3) Yes, huge updates like the half year updates Ubuntu does can *easily* break the system. In general my own experience is that rolling release distributions tend to have less of those problems if the user updates regularly. The speaker asks the question if those updates really have to include all the updates they do and I say: Yes, they do have to include *most* of the things. At least the kernel updates are needed because those bring new drivers to support new hardware as well as lots of security fixes. Though X.org updates are *problematic* since they are difficult to test on a wide base due to the lot of different configurations possible when it comes to graphics cards and the features in the drivers.
In general many distributions should maybe try to go some more conservative way for endusers to ship stable distributions and those interested in the bleeding edge (as well as willing to face occasional problems) can use the "unstable" version with more up to date packages in various areas. What is most important is that distributions for "end users" should listen to the creators of the packages that are shipped. When they say "experimental, not meant for endusers" (remember KDE 4.0?), the distributions should keep this in mind.
4) Lack of software is a difficult problem. He has not really provided a working and "good" solution either. This is basically some "Hen and Egg"-problem. Eg Adobe does not see numbers that users would buy Photoshop if it was available for Linux, so they fear that they won't make a profit with it. Unless they see a (good) chance for a profit, they have no reason to port it, but how should users show that they buy the software when there is not much available? I imagine that Adobe does see what happened to Ahead with Nero: After *many* years without any Linux support they shipped some "not too good" burning software (Nero derivate, *not* on par regarding features with the Windows version and buggy!) and users did not buy it because of a better free alternative (k3b).
Though the question remains: can the users themselves really change something about this? I say that they can only vote with the wallets and only buy stuff that provides native Linux versions *and* tell the vendors that you would be interested in buying there stuff but only if there was a native Linux version available of it. And running the software via WINE or some virtual machine is not a good solution since this way companies do not see the need of the users, they just see "hey, it sells well for Windows".

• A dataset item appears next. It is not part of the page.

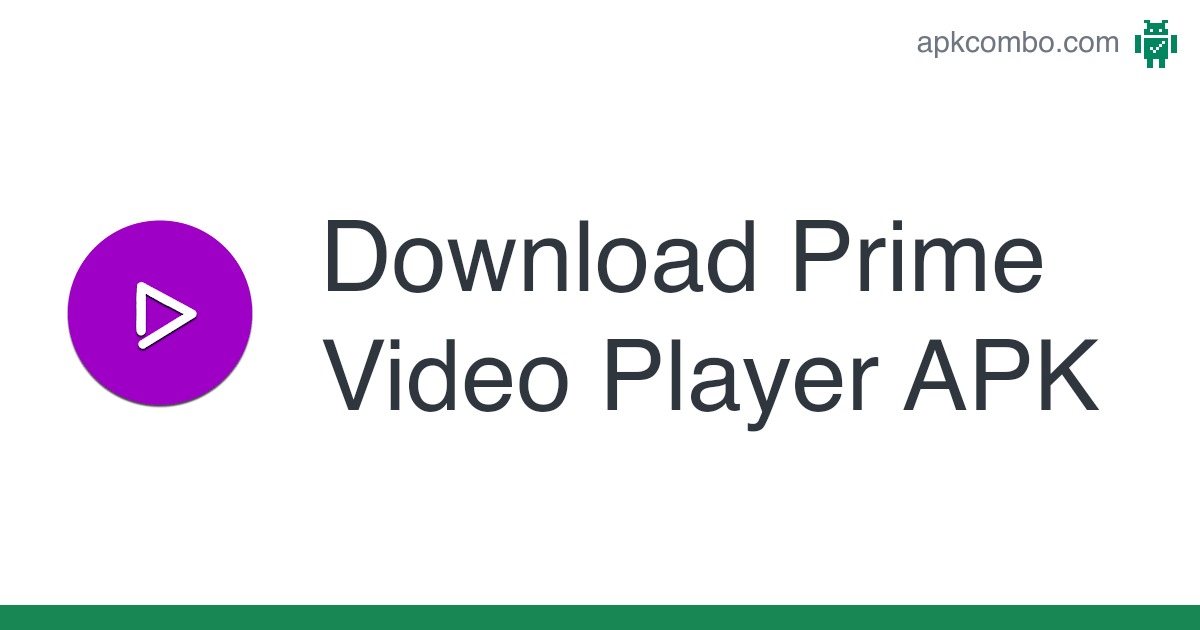 Prime Video 3.0.395.2887 .apk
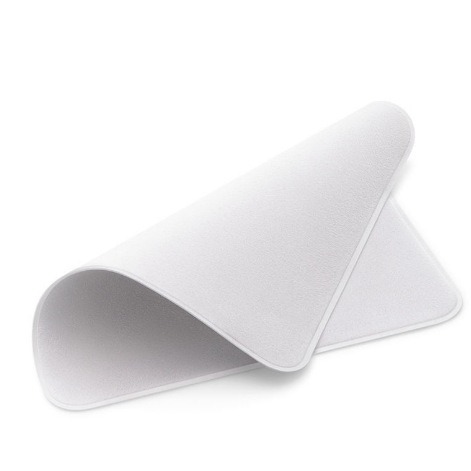 Premium Microfiber Screen Cleaning Cloth for iPhone, iPad, Laptop, Watch & Glasses – Ultra Soft Double Layer Polishing Cloth_img_3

In general I think this presentation was not really saying too much. It was especially not providing something "normal users" can really do. He was talking mainly about packaging which is not this much of a problem as he made it appear since the vendors should *not* provide distribution specific packages but only some "generic" packages that the distributions can easily adopt. Yeah, those packages/installers should probably be done in some more uniform format so that it is easier to integrate them into repositories, but that's basically it.